§ INPUT:
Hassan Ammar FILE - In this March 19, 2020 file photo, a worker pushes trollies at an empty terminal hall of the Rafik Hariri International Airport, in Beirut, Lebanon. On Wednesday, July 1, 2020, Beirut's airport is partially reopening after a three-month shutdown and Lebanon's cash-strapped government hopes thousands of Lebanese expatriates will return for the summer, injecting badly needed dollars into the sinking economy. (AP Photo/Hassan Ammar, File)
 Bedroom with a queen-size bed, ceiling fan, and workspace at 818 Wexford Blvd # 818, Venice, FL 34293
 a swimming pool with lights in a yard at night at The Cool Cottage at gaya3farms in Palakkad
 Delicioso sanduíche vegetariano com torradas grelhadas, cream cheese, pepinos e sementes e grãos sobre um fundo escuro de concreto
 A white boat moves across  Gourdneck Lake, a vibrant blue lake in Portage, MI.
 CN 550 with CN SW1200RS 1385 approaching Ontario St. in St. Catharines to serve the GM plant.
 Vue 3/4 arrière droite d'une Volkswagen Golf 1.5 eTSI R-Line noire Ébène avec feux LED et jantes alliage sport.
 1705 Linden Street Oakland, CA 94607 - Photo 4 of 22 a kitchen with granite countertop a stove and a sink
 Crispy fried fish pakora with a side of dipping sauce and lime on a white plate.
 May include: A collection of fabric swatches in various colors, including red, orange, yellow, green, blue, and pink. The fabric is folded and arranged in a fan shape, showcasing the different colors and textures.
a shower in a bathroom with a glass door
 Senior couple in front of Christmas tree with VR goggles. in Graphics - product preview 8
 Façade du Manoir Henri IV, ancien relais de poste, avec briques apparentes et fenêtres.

§ HOW TO COMPLETE THIS TASK:
Copy each line from the entries above that has the word "blue" in it.

§ REPLY TO THE TASK:
 A white boat moves across  Gourdneck Lake, a vibrant blue lake in Portage, MI.
 May include: A collection of fabric swatches in various colors, including red, orange, yellow, green, blue, and pink. The fabric is folded and arranged in a fan shape, showcasing the different colors and textures.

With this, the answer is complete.